Exploring New Pedagogies (Even Futuristic Ones)

“This fourth report proposes ten innovations that are already in currency and are having an increasing effect on education.”

That’s how the Innovating Pedagogy 2015 report starts off. This is a report worth taking a look at if you are interested in exploring some new approaches to teaching – or at least some new methods being tested. Here are the ten innovations:

Crossover learning Learning in informal settings, such as museums and after-school clubs, can link educational content with issues that matter to learners in their lives.
Learning through argumentation Students can advance their understanding of science and mathematics by arguing in ways similar to professional scientists and mathematicians.
Incidental learning Incidental learning is unplanned or unintentional learning. It may occur while carrying out an activity that is seemingly unrelated to what is learned.
Context-based learning Context enables us to learn from experience. By interpreting new information in the context of where and when it occurs and relating it to what we already know, we come to understand its relevance and meaning.
Computational thinking Computational thinking is a powerful approach to thinking and problem solving. It involves breaking large problems down into smaller ones.
Learning by doing science with remote labs Engaging with authentic scientific tools and practices such as controlling remote laboratory experiments or telescopes can build science inquiry skills, improve conceptual understanding, and increase motivation.
Embodied learning Embodied learning involves self-awareness of the body interacting with a real or simulated world to support the learning process.
Adaptive teaching All learners are different. However, most educational presentations and materials are the same for all. Adaptive teaching offers a solution to this problem. It uses data about a learner’s previous and current learning to create a personalised path through educational content.
Analytics of emotions Automated methods of eye tracking and facial recognition can analyse how students learn, then respond differently to their emotional and cognitive states.
Stealth assessment The automatic data collection that goes on in the background when students work with rich digital environments can be applied to unobtrusive, ‘stealth’, assessment of their learning processes.

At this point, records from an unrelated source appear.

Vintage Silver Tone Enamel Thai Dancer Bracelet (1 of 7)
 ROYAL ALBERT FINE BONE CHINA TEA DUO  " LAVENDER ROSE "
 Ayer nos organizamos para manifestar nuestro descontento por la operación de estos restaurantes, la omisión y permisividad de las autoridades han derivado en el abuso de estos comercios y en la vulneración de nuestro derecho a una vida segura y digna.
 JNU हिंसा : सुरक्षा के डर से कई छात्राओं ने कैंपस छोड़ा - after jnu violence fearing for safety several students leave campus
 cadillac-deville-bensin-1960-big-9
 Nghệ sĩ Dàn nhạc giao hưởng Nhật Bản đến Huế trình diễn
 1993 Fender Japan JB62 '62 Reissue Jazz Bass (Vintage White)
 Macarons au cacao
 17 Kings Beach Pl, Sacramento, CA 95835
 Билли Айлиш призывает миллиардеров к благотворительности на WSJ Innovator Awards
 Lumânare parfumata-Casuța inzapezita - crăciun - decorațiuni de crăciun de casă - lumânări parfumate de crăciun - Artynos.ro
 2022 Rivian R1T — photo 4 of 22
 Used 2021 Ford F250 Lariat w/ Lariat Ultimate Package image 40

These are all new to me, or I’ve not heard them described this way, excepting adaptive teaching. Some of these methods could have less appeal for a librarian-educator, but as we seek to find new ways to help students achieve deeper learning for effective research there may be some possibilities for applying new techniques. In addition, the context in which these methods would work best is perhaps not compatible with the short-term instruction primarily delivered by librarians. But there might be ways to integrate some of these new pedagogies into our practice.

Learning through argumentation, for example, may help students achieve deeper learning by requiring them to justify and argue for their reasons for making certain decisions about the selection and evaluation of information resources. Students might be asked to identify and then use terms for a search. To help them determine if the selected terms were effective students would need to argue in support of the outcome. Other students could be invited to argue for or against the terms. Can students handle providing evidence to support decisions that may not be easily understood? That’s part of the challenge. Stealth assessment sounds interesting as well, but given the technology requirements it’s timeline is considerably longer. It might be 4 or 5 years off in the future.

While blended librarians may lack formal learning in pedagogy and andragogy, many are savvy about learning theory, how it is applied in the classroom and how and when to use instructional technology to support their learning methods. This new report should get us thinking about new pedagogies and how we might apply them in our practice – or engage in discussions about them with faculty and other academic support colleagues.